I spent most of yesterday and today in Austin with Katy. I was worried as I drove down there that I wouldn’t have the right words to comfort her. I can’t even imagine what I would want to hear if I lost one of my siblings. I tried to imagine it, just so I could be more sensitive to Katy’s needs, but I couldn’t. It’s a dark, dark place.
But I needn’t have worried. Some people have the gift of saying the right thing at the right time. Though I have an occasional glimmer of eloquence, it’s not my long suit. My long suit is cleaning. Doing the dishes and organizing closets. What Katy needed from me wasn’t words. She told me that as soon as she heard I was coming, she felt relieved because she knew that I would clean. She said that’s what she needed, so that’s what I did.

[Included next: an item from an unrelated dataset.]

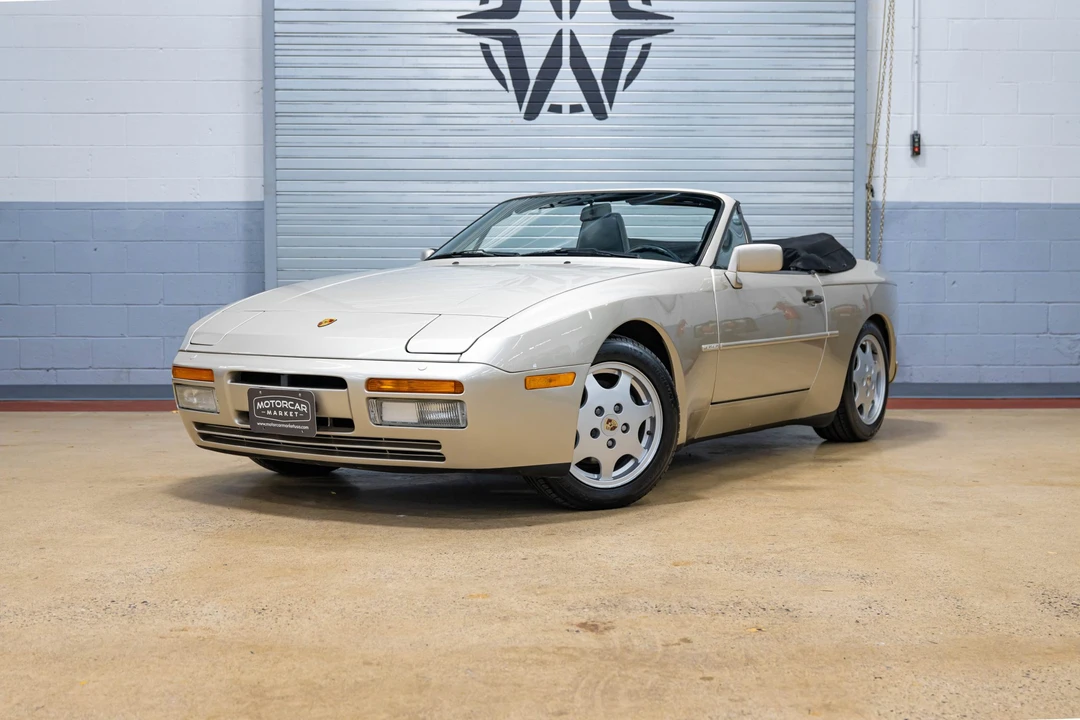 1990 Porsche 944 S2 - Image 2 of 31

We took breaks to spend time with the other family and friends who have gathered around her to hold her up as she begins to walk through the grief that comes when you lose someone that you love. We laughed about Jordan stories while sorted through laundry piles. Then we cried in a restaurant as we ate our burgers. We mourned our collective loss as we sifted through a old pile of family pictures of an impossibly cute little boy.
But I never felt like I didn’t have the right thing to say. I didn’t have to say anything at all, really. I just had to be there, be with her, helping her with the things that she needed. Even if the thing that she needed was for me to scrub her dishes.